With any pictures left out, restate word for word the lines in the listing below from the one holding "Black Flying Bats Silhouette Rug" through the last.

**ENTRIES PROVIDED:**
# # # #

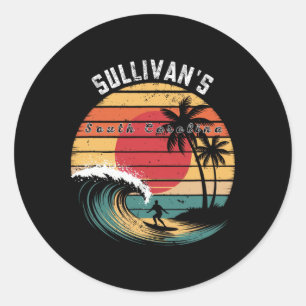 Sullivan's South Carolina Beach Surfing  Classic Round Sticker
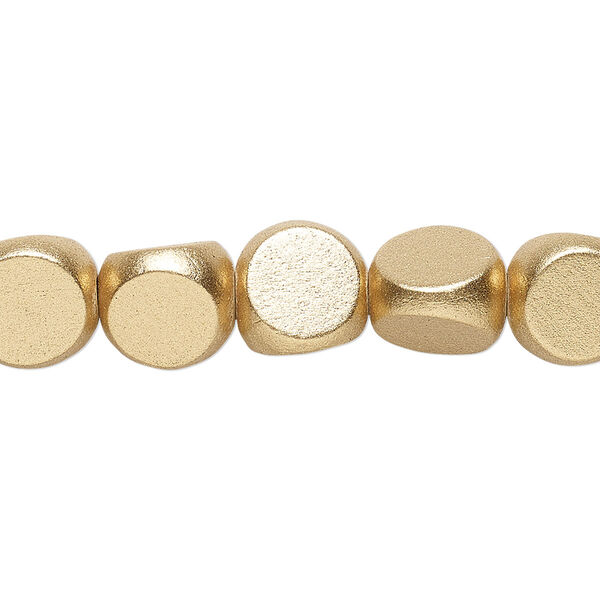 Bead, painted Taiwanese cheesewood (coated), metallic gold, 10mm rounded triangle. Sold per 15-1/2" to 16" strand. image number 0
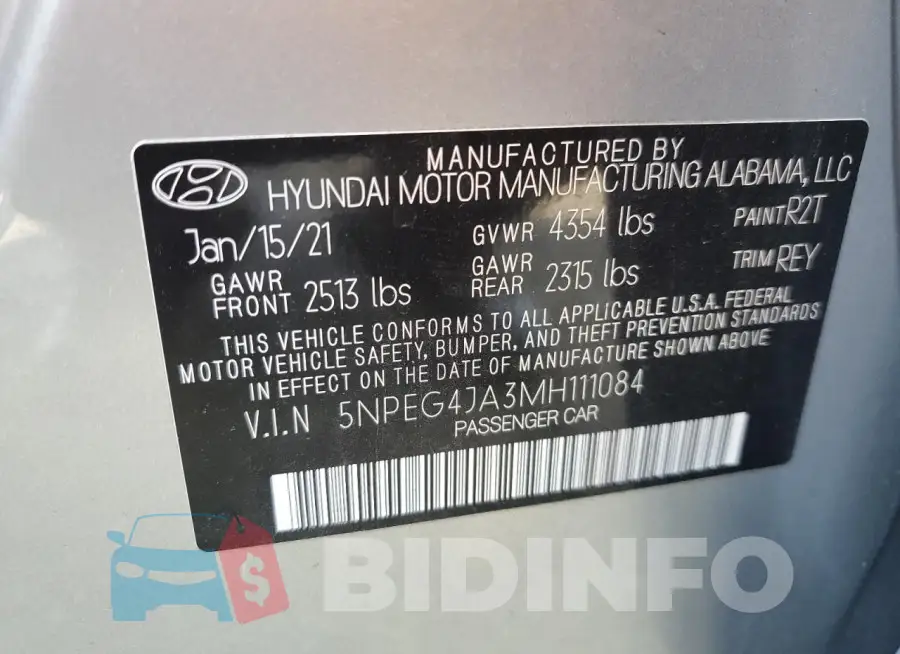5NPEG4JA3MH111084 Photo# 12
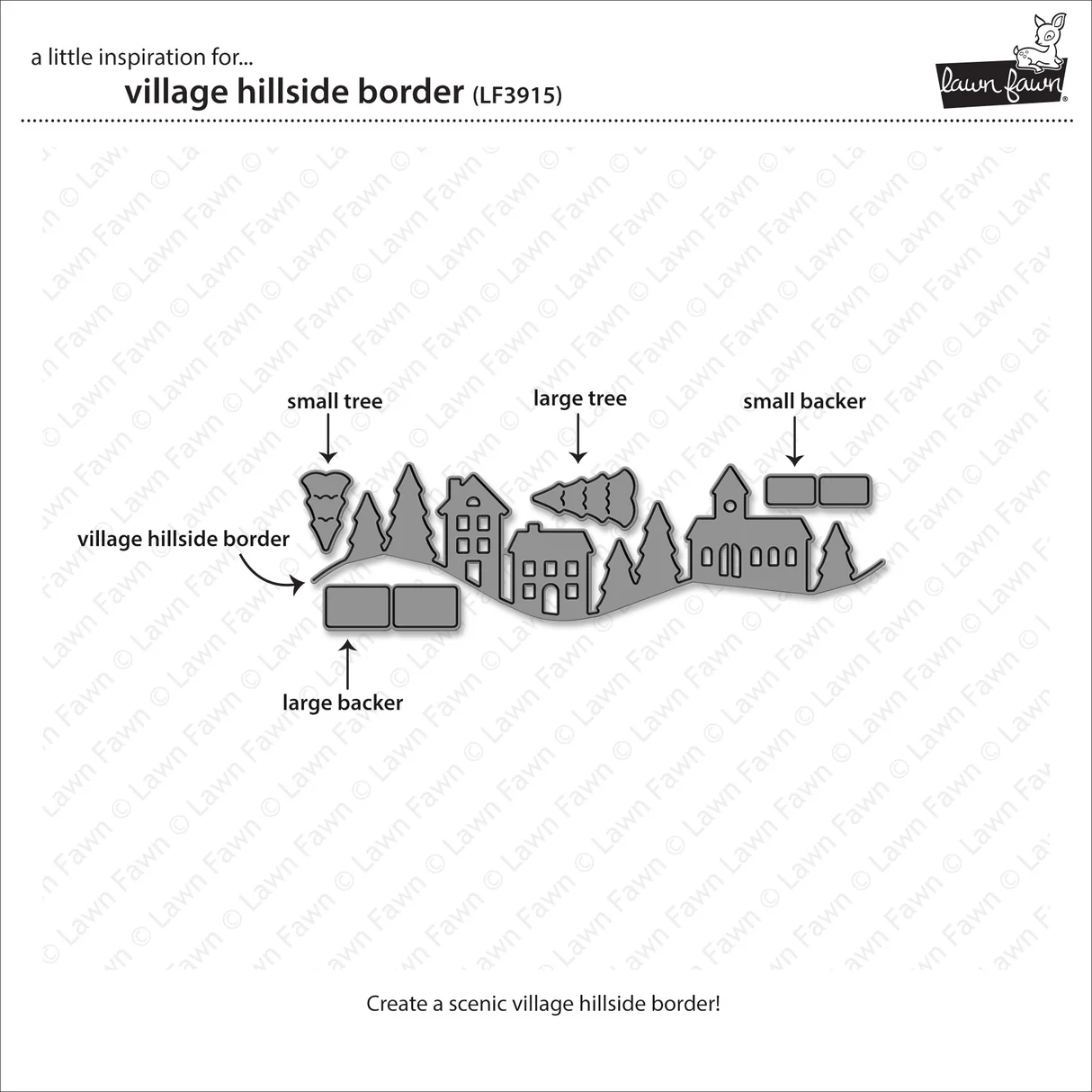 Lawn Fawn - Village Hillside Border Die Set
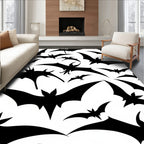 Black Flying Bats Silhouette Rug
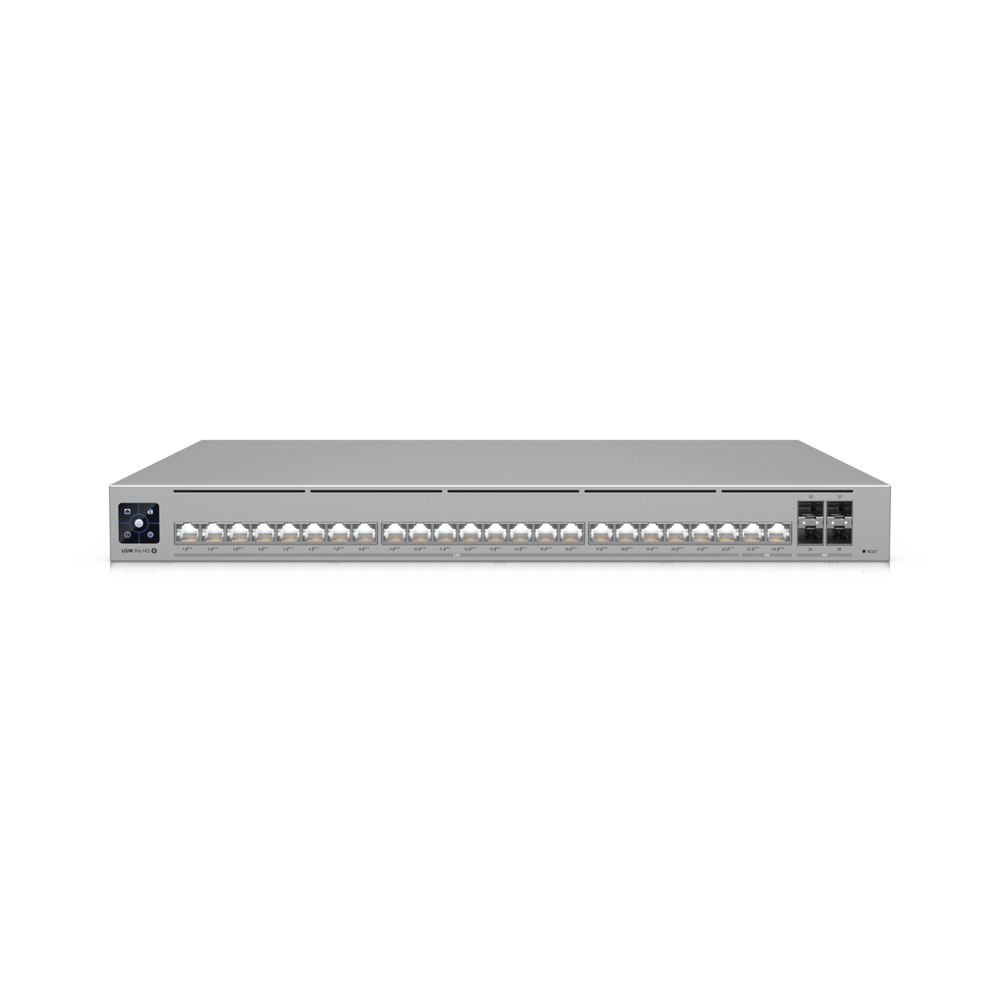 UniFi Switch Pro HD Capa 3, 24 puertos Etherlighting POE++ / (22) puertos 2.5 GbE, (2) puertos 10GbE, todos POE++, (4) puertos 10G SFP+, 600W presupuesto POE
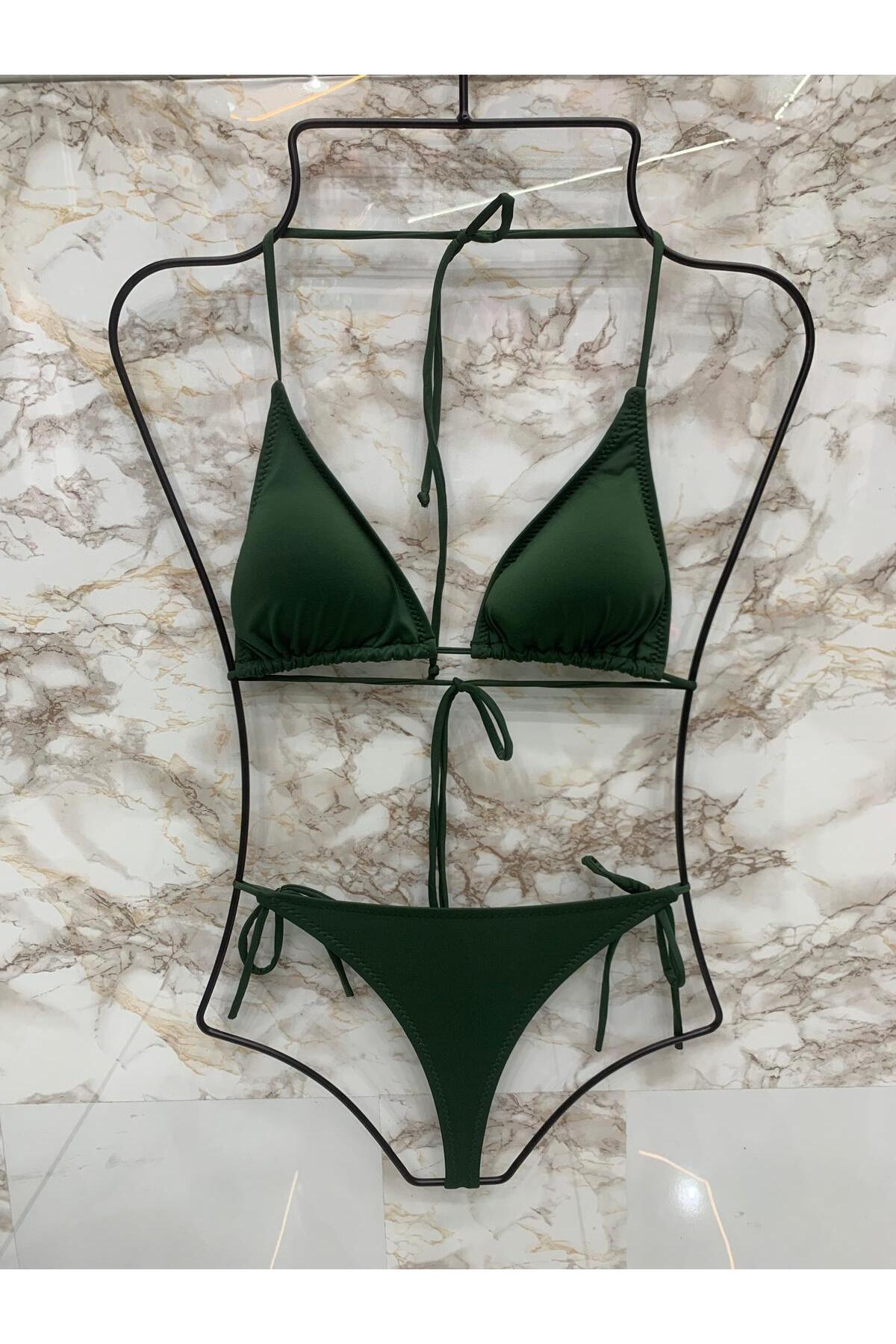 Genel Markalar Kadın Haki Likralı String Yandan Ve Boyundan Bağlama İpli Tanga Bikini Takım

# # # #

**OUTPUT OF THE TASK:**
 Black Flying Bats Silhouette Rug
 UniFi Switch Pro HD Capa 3, 24 puertos Etherlighting POE++ / (22) puertos 2.5 GbE, (2) puertos 10GbE, todos POE++, (4) puertos 10G SFP+, 600W presupuesto POE
 Genel Markalar Kadın Haki Likralı String Yandan Ve Boyundan Bağlama İpli Tanga Bikini Takım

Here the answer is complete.